Our mission to ensure everyone benefits from living in a good home
The quality of a home has a fundamental bearing on an individual’s health and wellbeing and yet millions of people in England endure the hardship of living in sub-standard housing.
Our Homes Senior Evidence Manager, Millie Brown, explains the steps the Centre for Ageing Better is taking to try and ensure that living in a good home becomes an achievable reality for all.
What makes a good home?
It should be warm, safe with light and space. It should be flexible and adaptable to changing needs, particularly as people age. It should be easy to heat in winter and to cool in summer with access to outdoor space and connected to local amenities. A good home should also be affordable for the people who live in it.
These sound like basic fundamentals and many of us take them for granted. And yet for millions of people in England who are deprived of these essential conditions, they are currently unachievable aspirations.

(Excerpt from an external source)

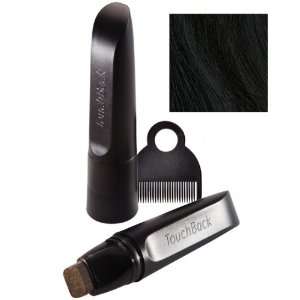 Colormark Touchback Root Touch Up Real Hair Dye Marker Rich Black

- Around 10 million people in England live in a home that presents a serious threat to their health and safety
- Around 9,000 people die in cold homes in England and Wales every year
- Poor quality housing costs the NHS £1.4bn a year with more than half (£857 million) this figure spent treating people whose poor-quality homes expose them to extreme cold
- The cost to the NHS of treating people who fall and injure themselves at home is almost £400m a year
- Over 40% (43.5%) of the 15 million homes with an energy rating of D or below are headed by a single person or couple aged over 60. As homes with an energy rating of D or below are less efficient, so more costly to heat, this figure shows how older people are more likely to live in homes they cannot afford to keep at a safe temperature.
- Nine in ten homes currently do not meet minimum standards of accessibility. And the current baseline standard for building new homes, 'Category 1 or M4(1)', only requires new dwellings to have the features which make them visitable by everyone - for example, sufficiently wide doorways and a toilet at entrance level. This means that nine in ten homes cannot be visited by many people, let alone lived in.
In one of the wealthiest countries on the planet, it should not be this way. And the Centre for Ageing Better is determined that this must change. Having a safe, warm home is a basic human right and we want to ensure that it is a right enjoyed by all.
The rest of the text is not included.